IT was Christmas Eve. I remember it just as if it was yesterday. The Colonel had been pretending not to notice it, but when Drinkwater Torm knocked over both the great candlesticks, and in his attempt to pick them up lurched over himself and fell sprawling on the floor, he yelled at him. Torm pulled himself together, and began an explanation, in which the point was that he had not "teched a drap in Gord knows how long," but the Colonel cut him short.
"Get out of the room, you drunken vagabond!" he roared.
Torm was deeply offended. He made a low, grand bow, and with as much dignity as his unsteady condition would admit, marched very statelily from the room, and passing out through the dining-room, where he stopped to abstract only one more drink from the long, heavy, cut-glass decanter on the sideboard, meandered to his house in the back-yard, where he proceeded to talk religion to Charity, his wife, as he always did when he was particularly drunk. He was expounding the vision of the golden candlestick, and the bowl and seven lamps and two olive-trees, when he fell asleep.

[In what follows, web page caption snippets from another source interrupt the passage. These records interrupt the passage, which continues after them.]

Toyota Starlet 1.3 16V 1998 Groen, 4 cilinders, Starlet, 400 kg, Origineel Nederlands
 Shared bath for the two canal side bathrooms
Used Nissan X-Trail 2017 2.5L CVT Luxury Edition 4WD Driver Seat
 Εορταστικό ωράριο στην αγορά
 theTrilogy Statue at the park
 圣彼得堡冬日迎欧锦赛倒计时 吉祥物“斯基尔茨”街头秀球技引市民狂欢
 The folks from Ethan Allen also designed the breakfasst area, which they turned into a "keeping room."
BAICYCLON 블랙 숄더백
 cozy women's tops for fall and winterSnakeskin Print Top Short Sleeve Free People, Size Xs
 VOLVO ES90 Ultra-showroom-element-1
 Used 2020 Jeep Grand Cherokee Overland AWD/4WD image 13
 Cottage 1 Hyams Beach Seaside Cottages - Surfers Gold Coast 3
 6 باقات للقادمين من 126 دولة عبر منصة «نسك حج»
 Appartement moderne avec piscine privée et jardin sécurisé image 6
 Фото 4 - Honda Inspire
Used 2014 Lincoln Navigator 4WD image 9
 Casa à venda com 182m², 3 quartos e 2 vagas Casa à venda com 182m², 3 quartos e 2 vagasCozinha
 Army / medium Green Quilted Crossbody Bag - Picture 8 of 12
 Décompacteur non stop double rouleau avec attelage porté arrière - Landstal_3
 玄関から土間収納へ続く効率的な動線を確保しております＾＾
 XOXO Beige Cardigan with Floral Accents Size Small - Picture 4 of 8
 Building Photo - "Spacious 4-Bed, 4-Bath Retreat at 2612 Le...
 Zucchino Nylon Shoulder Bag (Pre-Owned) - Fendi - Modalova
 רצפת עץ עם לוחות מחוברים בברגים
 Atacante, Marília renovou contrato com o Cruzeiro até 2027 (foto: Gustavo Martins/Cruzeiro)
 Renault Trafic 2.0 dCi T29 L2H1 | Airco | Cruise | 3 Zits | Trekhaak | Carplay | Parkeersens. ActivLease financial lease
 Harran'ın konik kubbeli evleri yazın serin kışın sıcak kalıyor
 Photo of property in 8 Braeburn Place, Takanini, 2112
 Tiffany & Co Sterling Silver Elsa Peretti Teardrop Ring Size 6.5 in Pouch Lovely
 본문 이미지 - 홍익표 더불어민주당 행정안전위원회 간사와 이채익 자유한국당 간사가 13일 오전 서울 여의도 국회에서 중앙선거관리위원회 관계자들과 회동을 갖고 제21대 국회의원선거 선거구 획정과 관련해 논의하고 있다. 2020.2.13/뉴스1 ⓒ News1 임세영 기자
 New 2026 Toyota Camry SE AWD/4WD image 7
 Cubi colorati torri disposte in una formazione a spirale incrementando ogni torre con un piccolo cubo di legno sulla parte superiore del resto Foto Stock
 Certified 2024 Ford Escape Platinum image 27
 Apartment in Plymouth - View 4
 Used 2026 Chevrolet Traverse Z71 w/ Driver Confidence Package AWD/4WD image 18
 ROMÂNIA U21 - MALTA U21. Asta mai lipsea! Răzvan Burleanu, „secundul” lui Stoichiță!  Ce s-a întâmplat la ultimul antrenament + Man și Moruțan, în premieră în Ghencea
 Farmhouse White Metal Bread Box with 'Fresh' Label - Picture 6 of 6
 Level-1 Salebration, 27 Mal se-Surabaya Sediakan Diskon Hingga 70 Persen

The roarer, as has been said, was the Colonel; the meanderer was Drinkwater Torm. The Colonel gave him the name, "because," he said, "if he were to drink water once he would die."
As Drinkwater closed the door, the Colonel continued, fiercely:
"Damme, Polly, I will! I'll sell him to-morrow morning; and if I can't sell him I'll give him away."
Polly, with troubled great dark eyes, was wheedling him vigorously.
"No; I tell you, I'll sell him.—'Misery in his back!' the mischief! he's a drunken, trifling, good-for-nothing n****r! and I have sworn to sell him a thousand—yes, ten thousand times; and now I'll have to do it to keep my word."